The immunologic signatures collection was generated as part of our collaboration with the Haining Lab at Dana-Farber Cancer Institute and the Human Immunology Project Consortium (HIPC). To cite your use of the collection, and for further information, please refer to Godec J, Tan Y, Liberzon A, Tamayo P, Bhattacharya S, Butte A, Mesirov JP, Haining WN, Compendium of Immune Signatures Identifies Conserved and Species-Specific Biology in Response to Inflammation, 2016, Immunity 44(1), 194-206.

> C7 subcollection VAX: vaccine response gene sets

The immune response signatures in this collection result from the curation of gene expression results from 62 publications covering on the order of 50 vaccines by the Human Immunology Project Consortium (HIPC). The initial list of publications to curate were selected from a PubMed search of papers matching the terms "Vaccine [AND] Signatures" or "Vaccine [AND] Gene expression". For inclusion, each gene list was required to show statistically significant differential gene expression. Detailed metadata was collected including vaccine, cohort, comparison, age, and type of expression change, e.g. up, down, positively correlated etc. The signatures were subject to extensive quality control and proofreading. Some manual gene symbol updating and screening occurred following curation. Response signatures that were identical were merged into a single gene set before performing MSigDB's universal symbol remapping procedure.

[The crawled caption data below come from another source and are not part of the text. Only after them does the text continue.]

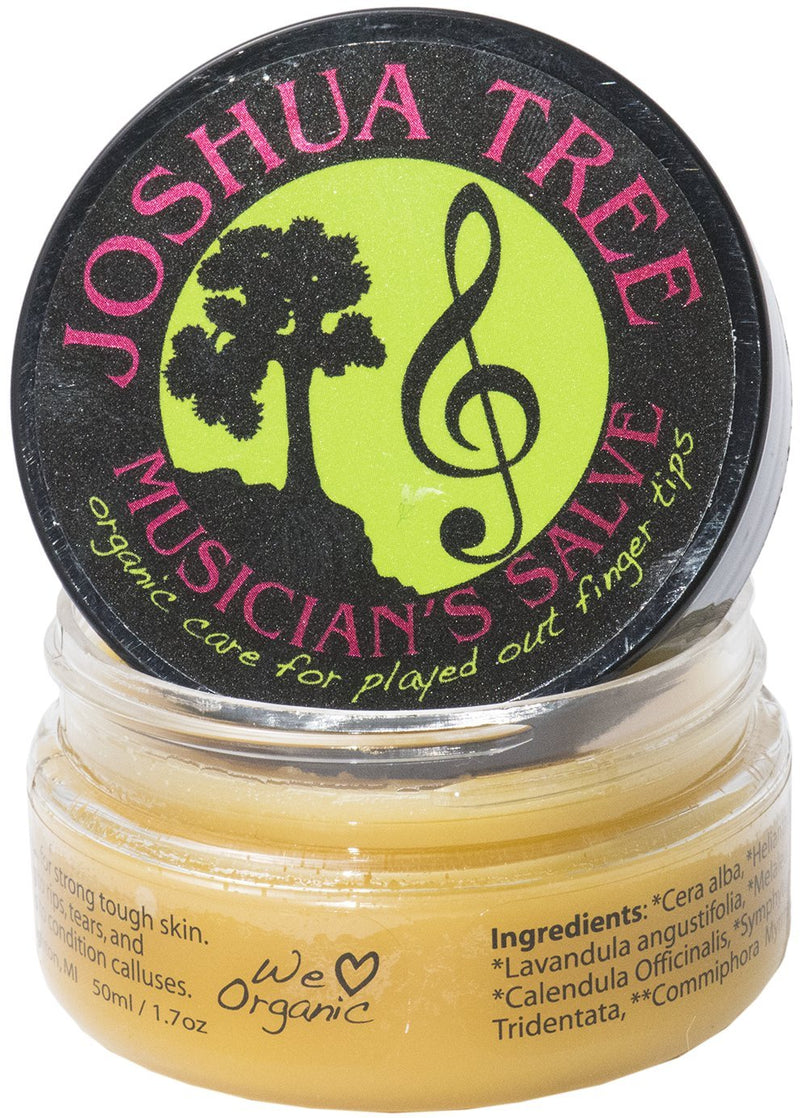 [Australia] - Joshua Tree Organic Musician's Salve 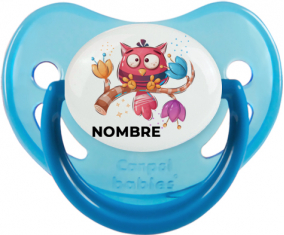 Funny Animals Búho con nombre: Chupete Fisiológica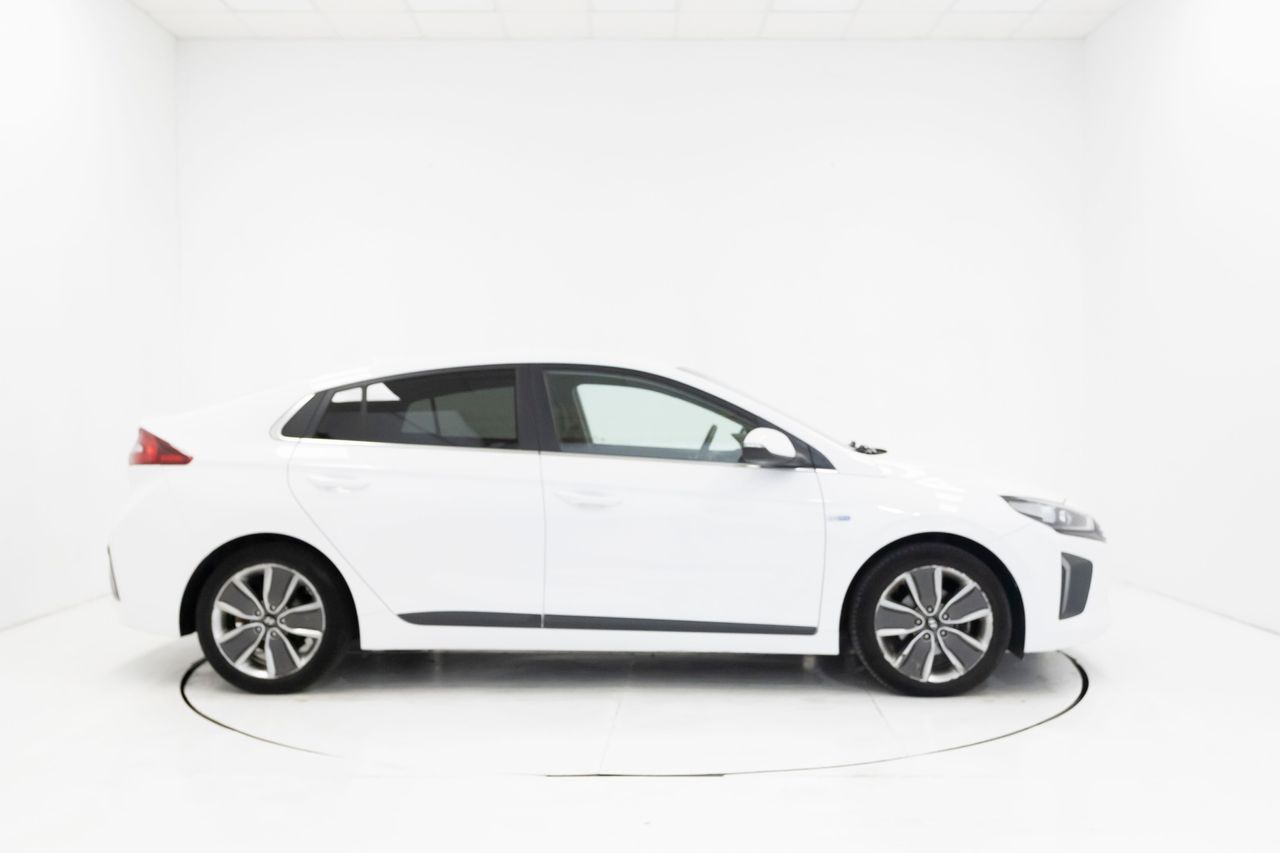 Foto Hyundai IONIQ 50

C8 collection: cell type signature gene sets

Gene sets that contain cluster marker genes for cell types identified in single-cell sequencing studies of human tissue. These gene sets have been curated from the literature and represent signature genes and cell type identifications as represented in their respective originating publications. The gene sets present in this collection cover a number of cell types from Heart, GI Tract, Pancreas, Kidney, Liver, the Immune system, Retina, Olfactory tissue, and the Brain. These gene sets are intended to facilitate the assignment of cell types in datasets such as those from experiments developing organoid models. Funding for development of these gene sets was provided in part by the Collaborative Computational Tools for the Human Cell Atlas program sponsored by the Chan Zuckerberg Initiative.